Search Unity

Question Agent REALLY seems to like walls...unless it can *see* the goal in RayPerceptionSensor?

Discussion in 'ML-Agents' started by mrmiketheripper, Apr 23, 2021.

  1. mrmiketheripper

    mrmiketheripper

    Joined:
    Mar 13, 2019
    Posts:
    6
    Unity 2020.3.3f / ml-agents 0.23.0 / communicator 1.3.0 / PyTorch 1.7.0 on macOS Big Sur 11.2.3

    I've been excitedly playing with ML-Agents for about a month now on and off. I followed through some of the basic tutorials on YouTube and have been trying to find ANY kind of reading material I can on the topics, unfortunately it seems most of the results are all for the same few threads so I thought I'd ask my question here.



    I have a basic training environment setup. It's a small plane with 4 walls surrounding. The agent has a RayPerceptionSensor3D setup about mid height. It projects all around the environment and only detects two tags: "Obstacle" and "Goal". The sensor can also detect layers "Default" and "TerrainLayer". The walls are on the "TerrainLayer" and the goal object is on the "Default" layer. I have confirmed that the RayPerceptionSensor3D does indeed detect walls and the goal, but the usage is fairly fuzzy to me still and how to strengthen the associations.

    The agent also has 9 observations of its own:
    - Normalized agent position (x,y,z)
    - Normalized goal position (x,y,z)
    - Agent Forward (x,y,z)





    My agent script detects when the Agent hangs out against a wall for too long and ends the episode with a negative reward.

    For the first 40 times, the agent needs to move from its spawn to the goal. It receives a +1 reward for touching the goal and receives an additive -.075 reward while it's touching any walls. After 40 attempts, the agent gets pretty good at this so I add walls by switching the environment. The environment size stays the same but 3 walls are placed in the environment, also on the "TerrainLayer" with tag "Obstacle".



    Once the walls are added, the agent does REALLY good if the goal is within its immediate sight of the RayPerceptionSensor3D. However, the agent is on one side of a wall and the goal is on the other side, it just seems to continually try and move itself into the wall and grind against the wall until I end the episode. I would expect odd behaviour like this as it tries to figure things out, however it seems to just do this. Even occasionally, it will fail the simple environment tests (no walls) simply because it moves itself into one corner, locks on the wall, and takes the negative reward until it's respawned.

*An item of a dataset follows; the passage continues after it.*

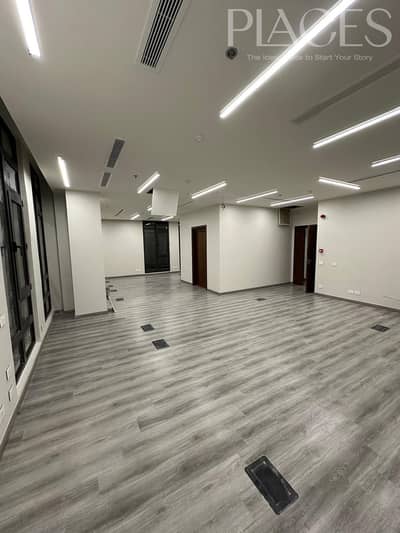 استثمر في موقع يرفع من قيمة نشاطك مكتب إداري في District 5 متكامل التجهيزات في منطقة استراتيجية وسهلة الوصول.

    I did have one training run that ran overnight (about 6 million steps) that resulted in a good cumulative reward, but when I tried to use that brain to run through the training I observed something similar: sometimes the agent would go right for the goal, other times it would just seemingly give up and run itself into walls.

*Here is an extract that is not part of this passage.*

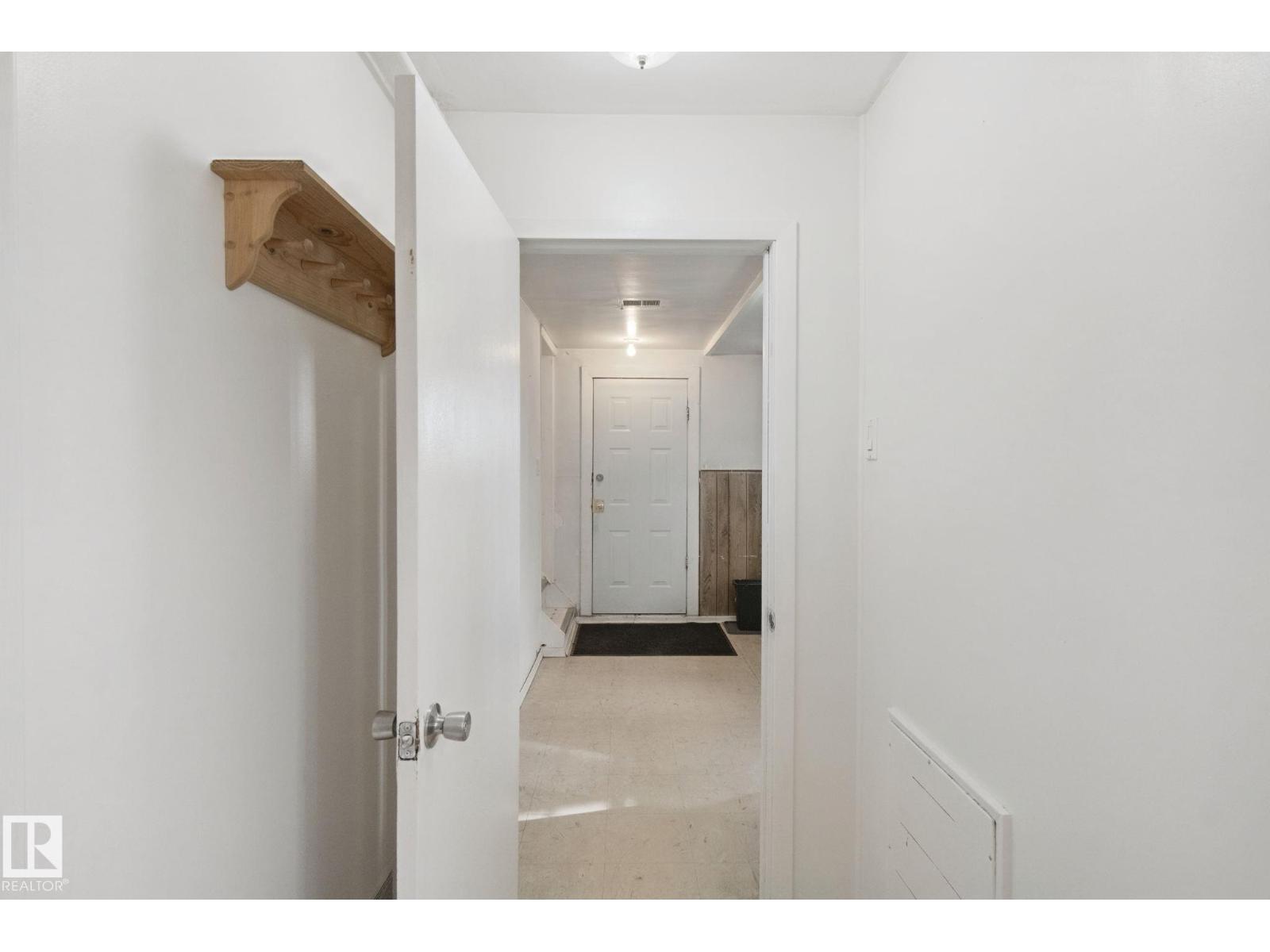 11946 70 ST NW - Image 14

    I'm not quite sure what I'm doing wrong here and as stated previously, the limited threads on this fairly new topic make finding answers quite confusing. I've tried tweaking things such as the length of the rays. Initially, the rays were long enough to span and touch all sides of the room which I strongly believe confused the AI into thinking it had limited moves.

    I tried shortening the rays significantly hoping it would push the AI away when it gets close, but it just seems to latch onto the wall once it sees it.

    A few days before posting this thread, I was incorrectly normalizing the coordinates and thought that would be it. Now, I calculate the bounds of the level and normalize coordinates like that. From my debug view, it works and is correct but I'm not so sure that made such a difference.

    I have of course, tried tuning hyperparameters, but that doesn't seem to make a huge difference in the training.

    To me, it seems like the AI is not understanding that hugging walls is being negatively reinforced. I hesitate to make the negative rewards *too* strong (< -1) since that could potentially screw with AI normalization?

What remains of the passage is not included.